SUPPLIED MATERIAL:

· · · · · · ·

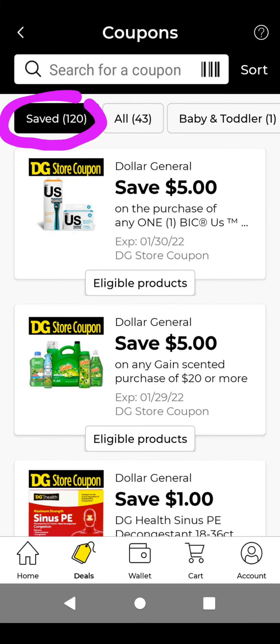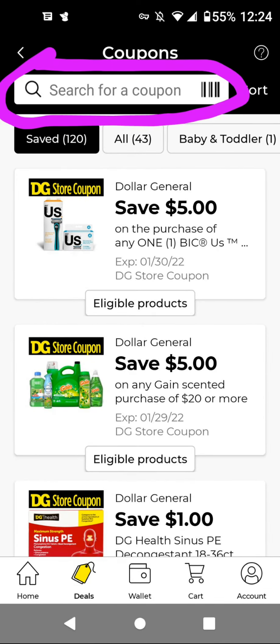If you tap on Save Coupons, it will show all of the ones that you sent to Wallet or the ones that you actually clip. You can also search for a coupon just like before — type in the brand name and it will show you all of the coupons still on your account. Or you can scan the product barcode by tapping on that barcode icon.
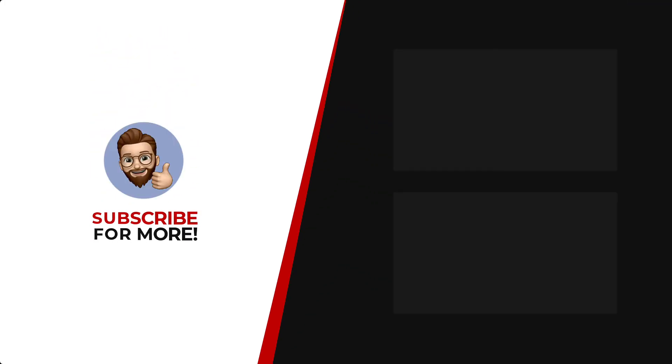Thanks for watching. If you'd like to see more content like this, be sure to check out the channel, and if you like what you see, don't forget to hit that subscribe button.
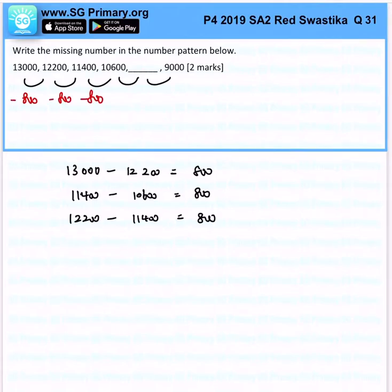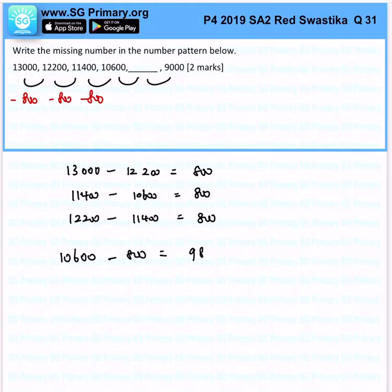So to get our answer, it would be 10,600 minus 800 as well, and that would be 9,800. That is the solution for this question.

· · · · · · ·

PROMPT: Reproduce the data above without a single change, please, but without its pictures.

OUTPUT FOR THIS EXERCISE:
If you tap on Save Coupons, it will show all of the ones that you sent to Wallet or the ones that you actually clip. You can also search for a coupon just like before — type in the brand name and it will show you all of the coupons still on your account. Or you can scan the product barcode by tapping on that barcode icon.
Thanks for watching. If you'd like to see more content like this, be sure to check out the channel, and if you like what you see, don't forget to hit that subscribe button.
So to get our answer, it would be 10,600 minus 800 as well, and that would be 9,800. That is the solution for this question.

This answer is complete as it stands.